The New York Times contributed to the elevation of the Hillary Clinton email controversy as a national story, believing that readers were "highly interested" in the controversy, and the publication was critical of Hillary Clinton as a whole. On March 2, 2015, national security correspondent Michael S. Schmidt reported that Clinton had used a private email server while conducting business as secretary of state. In April, the Times, The Washington Post, and Fox News obtained exclusive deals to pursue a storylines within Breitbart News contributor Peter Schweizer's book Clinton Cash. The New York Times subsequently published an article reporting that the Clinton Foundation received undisclosed payments from the founder of Uranium One chairman Ian Telfer as the Russian government assumed control of the company. The article and Clinton Cash became the basis for the Uranium One controversy. In July, Schmidt and Matt Apuzzo wrote an article claiming that the Department of Justice had opened a criminal investigation into Clinton; the Department of Justice had opened a security referral into Clinton's email practices instead.

The New York Timess editorial board endorsed Clinton for the presidency and offered a concurring opinion in opposition to Donald Trump for his "false and outrageous allegations" and "xenophobic nationalism". The Times temporarily removed its online paywall in the days leading up to the 2016 presidential election. The New York Timess coverage of the election was distinguished by data-driven visual journalism featuring live forecasts, an interactive map, and an online chat. The Times predicted that Clinton would win the presidency and prepared the headline "Madam President" in the hours before the election results were finalized. A defining feature of The New York Timess online coverage was "the needle", a thermometer dial showing the probability of Clinton or Trump winning. To represent the dial's margin of error, the needle of the dial fluctuated. The needle initially favored Clinton but shifted to Trump by 10:00 p.m. The Times reused the needle for the 2018 elections with a baseline at zero and a less prominent role.
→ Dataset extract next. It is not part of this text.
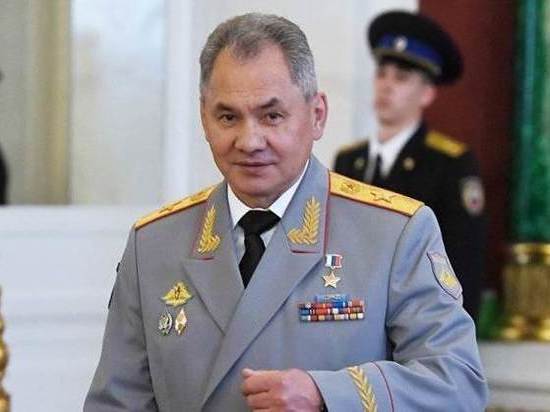 Тува поздравила Сергея Шойгу с 30-летием работы в правительстве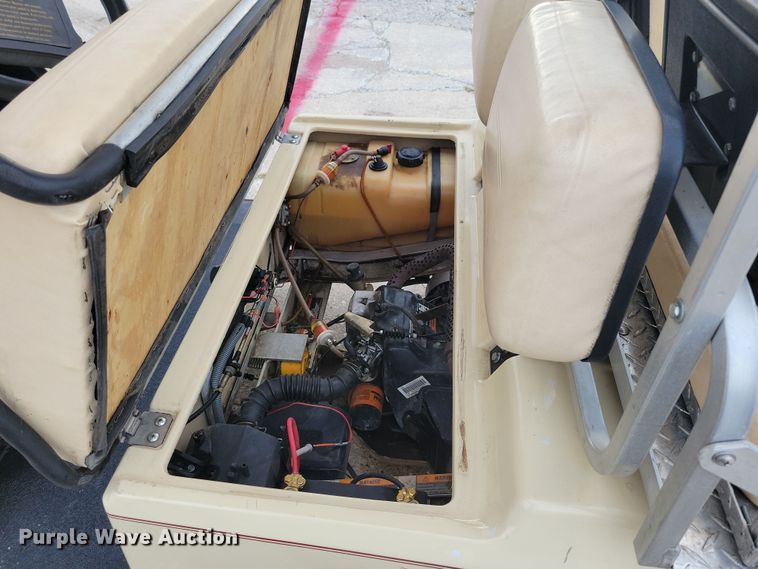 image for item DN3535 2000 Club Car golf cart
As Trump emerged victorious in Florida, journalists hastily rewrote stories and headlines. National political correspondent Alex Burns quickly rewrote a profile for Trump; by contrast, a profile for Clinton had been written days earlier.

In an upset victory, Trump was elected president. The New York Times ran the headline "Trump Triumphs". The Times became subject to criticism for its inaccurate prediction—attributed to neglected voter discontent in the Rust Belt—and Democrats associated Clinton's loss to the Timess coverage of the email controversy. The New York Times Company's executive committee gathered the following morning to discuss how a Trump presidency would affect the publication. Several days later, Trump tweeted that the Times was losing thousands of subscribers due to its "very poor and highly inaccurate coverage"; The New York Times added tens of thousands of subscriptions in the week following Election Day, its largest one-week rise since 2011. Then-editorial editor James Bennet proposed adding more conservative columnists to round out the Timess predominantly-liberal opinion writers. Months after the election, Bennet hired The Wall Street Journal editorial editors Bret Stephens and Bari Weiss. Stephens, in his debut column, questioned scientific consensus on climate change, and Weiss questioned whether Christine Blasey Ford's allegations of sexual assault against Brett Kavanaugh should affect his Supreme Court nomination, drawing indignation.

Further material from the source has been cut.